Complete step by step answer:
When a magnet is placed in such a way that its north pole points towards the south, the neutral point is obtained at the axis of the magnet and as the point is said to be a neutral point, the magnitude of earth’s magnetic field is equal to the magnetic field of the magnet.
Therefore, we have, ${B_{magnet}} = {B_H}$

The magnetic field of the magnet at an axial point is given as
${B_{magnet}} = \dfrac{{{\mu _0}}}{{4\pi }}\dfrac{{2Md}}{{{{\left( {{d^2} - {l^2}} \right)}^2}}}$ where $M$ is the magnetic moment.
Given: $d = 30cm = 03m$, $2l = 30cm \to l = 0.15m$ and ${B_H} = 0.34G = 0.34 \times {10^{ - 4}}T$.Let us substitute these values and find the magnetic moment.
\[
M = \left( {{B_{magnet}}} \right)\left( {\dfrac{{4\pi }}{{{\mu _0}}}} \right)\left( {\dfrac{{{{\left( {{d^2} - {l^2}} \right)}^2}}}{{2d}}} \right) \\
\Rightarrow M = \left( {{B_H}} \right)\left( {\dfrac{{4\pi }}{{{\mu _0}}}} \right)\left( {\dfrac{{{{\left( {{d^2} - {l^2}} \right)}^2}}}{{2d}}} \right) \\
\Rightarrow M = \left( {0.34 \times {{10}^{ - 4}}} \right)\left( {\dfrac{1}{{{{10}^{ - 7}}}}} \right)\left( {\dfrac{{{{\left( {{{0.3}^2} - {{0.15}^2}} \right)}^2}}}{{2 \times 0.3}}} \right) \\
\Rightarrow M = 2.582A{m^2} \\ \]
So, pole strength of the magnet will be,
$\therefore m = \dfrac{M}{{2l}} = \dfrac{{2.582}}{{0.3}} = 8.607Am$
Therefore, the magnetic pole strength of the given magnet is $8.6Am$.

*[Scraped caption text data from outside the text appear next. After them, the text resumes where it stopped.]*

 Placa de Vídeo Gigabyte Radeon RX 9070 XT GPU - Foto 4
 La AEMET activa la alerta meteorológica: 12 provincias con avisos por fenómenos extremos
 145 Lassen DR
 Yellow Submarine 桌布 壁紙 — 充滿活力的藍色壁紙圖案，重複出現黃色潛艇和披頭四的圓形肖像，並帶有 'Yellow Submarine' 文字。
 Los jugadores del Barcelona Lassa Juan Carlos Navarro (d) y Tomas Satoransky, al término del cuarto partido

Hence, option D is correct.

Note:You should always keep in mind the value of the quantity $\dfrac{{{\mu _0}}}{{4\pi }}$ which is $1 \times {10^{ - 7}}$. Also remember that the neutral point is defined as the point where the net magnetic field due to magnet and earth is zero. In case where the north pole of the magnet points towards the south pole of the earth, the magnetic field along the axis of the magnet will be given by ${B_{magnet}} = \dfrac{{{\mu _0}}}{{4\pi }}\dfrac{{2Md}}{{{{\left( {{d^2} - {l^2}} \right)}^2}}}$. Also remember to convert the units of the given quantities appropriately.